I told my grandsons that I'd be scenicking a path through the scenery here for kids and others to use as a shortcut. Prototype aerial photos clearly show such paths criss-crossing grassy parts of Swamp Ward waterfront. That was part of the next phase. I'm working up the side of the depression scenically. Closing in the limestone abutments with greenery, because they aren't that prominent prior to the 1970 rebuild. I also strengthened the railings, streamlining the wooden bents and adding some timbers at their base. 
Our grandson was operating a Ford dealership at left during his recent visit! That is abetting my writer's block with scenicking those green spaces!

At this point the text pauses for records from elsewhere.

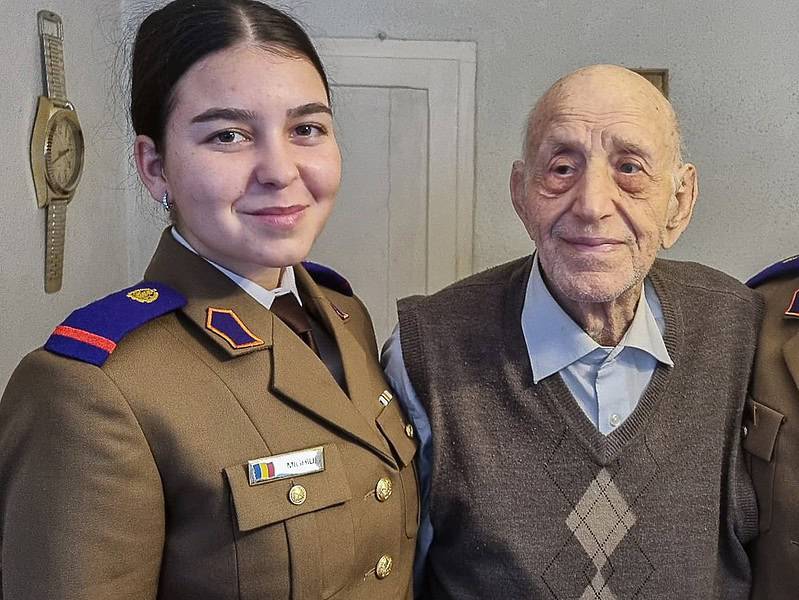 Surpriză frumoasă pentru Maiorul sibian Nicolae Turcu în ziua în care a împlinit 96 de ani. Studenții de la AFT i-au dus un tort (foto)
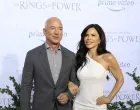 epa10123977 Jeff Bezos (L) and Lauren Sanchez pose at the Los Angeles premiere of the Amazon Prime Video 'The Lord of The Rings: The Rings of Power' at The Culver Studios in Culver City, Los Angeles County, California, USA, 15 August 2022 (issued 16 August 2022). The series will be released via the internet worldwide on 02 September 2022. EPA/NINA PROMMER/Nina Prommer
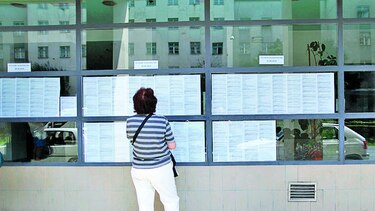 Mujeres son afectadas por destrucción de empleo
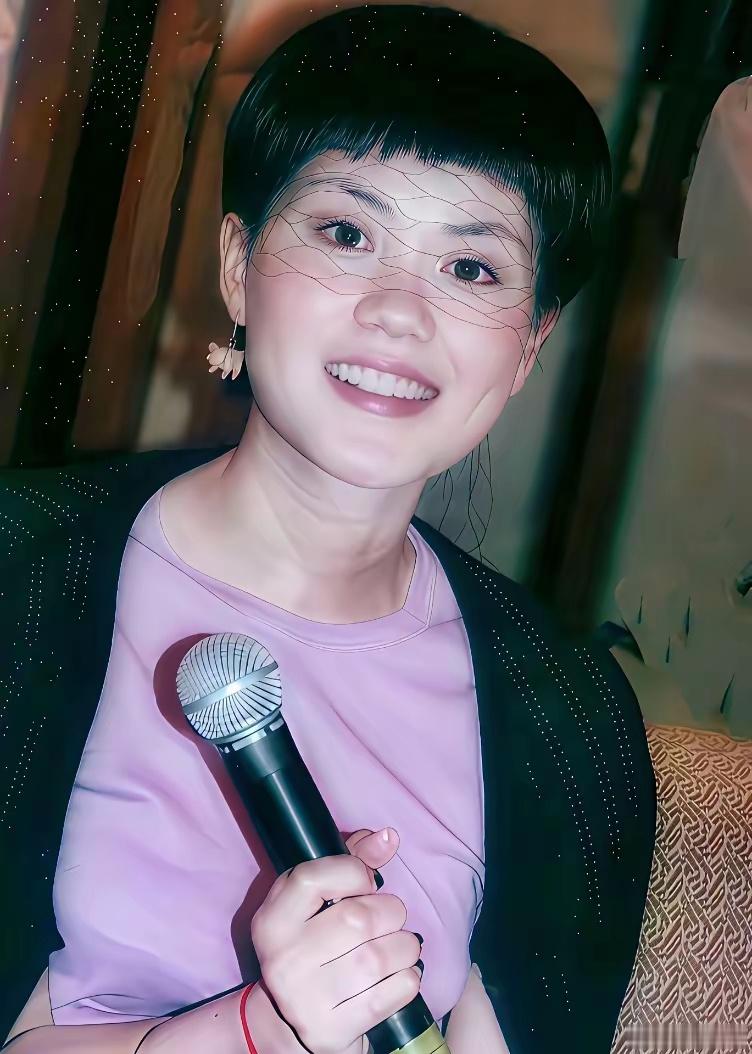 王菲生完童童后第一次出现在媒体面前，出席和百代公司的签约仪式。
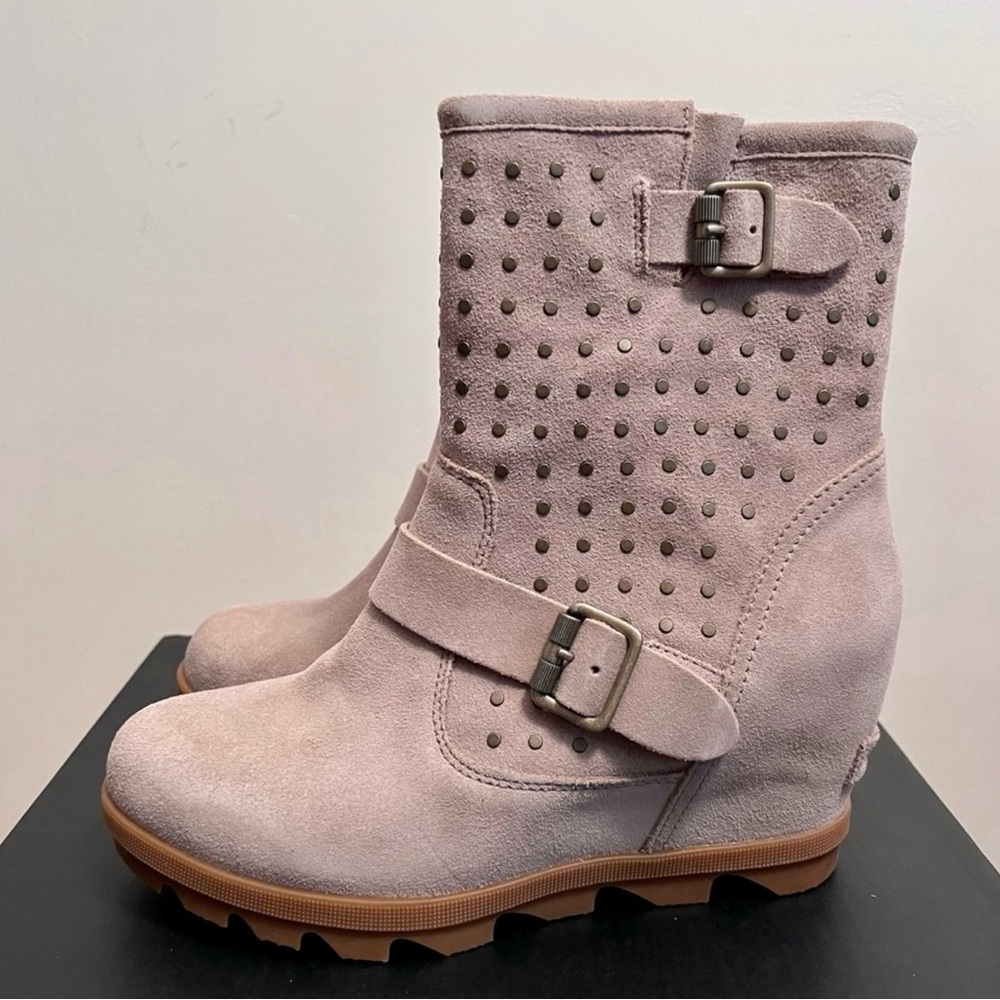 Sorel Women's Joan of Arctic II Boots - tan suede studded 7.5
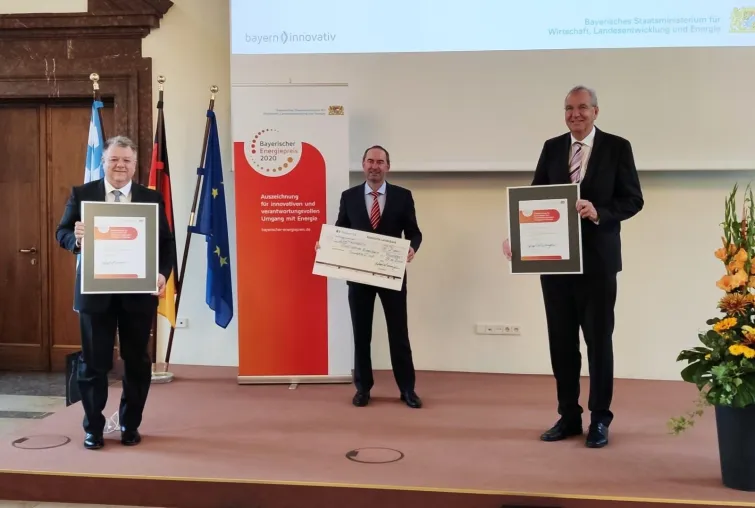 Bild: Bayerischer Energiepreis 2020 für die Stadtwerke Rosenheim und die SolarNext AG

My newest locomotive crosses the CP on the diamond beneath the bridge:
A major step took place nine months after this post was originally published. I decided to do something with the left-hand side of the River Street bridge/Rideau Street. Not sure how far the street will extend toward Anglin's, but my goal was to emplace a structure or two here, with a tree canopy view block behind. I'd given myself a challenge by having unusually un-level topography, so I had to provide a level base for the $2 trainshow-find garage I decided to use, at least for now. First I tried matching the contours with a balsa wood foundation, but that was too much of a challenge! Instead, I screwed a thick balsa piece to the layout to make it level, with supports underneath. The rest was easy - emplace the garage, plant some trees, paint the base and scenick it in.




Breaking my own credo of not emplacing any structures that can be seen on other layouts, but this DPM Schultz's Garage can for now be considered a place-filler. I'll keep checking on the look of the scene and what else I can build that might fit in better in this prominent spot!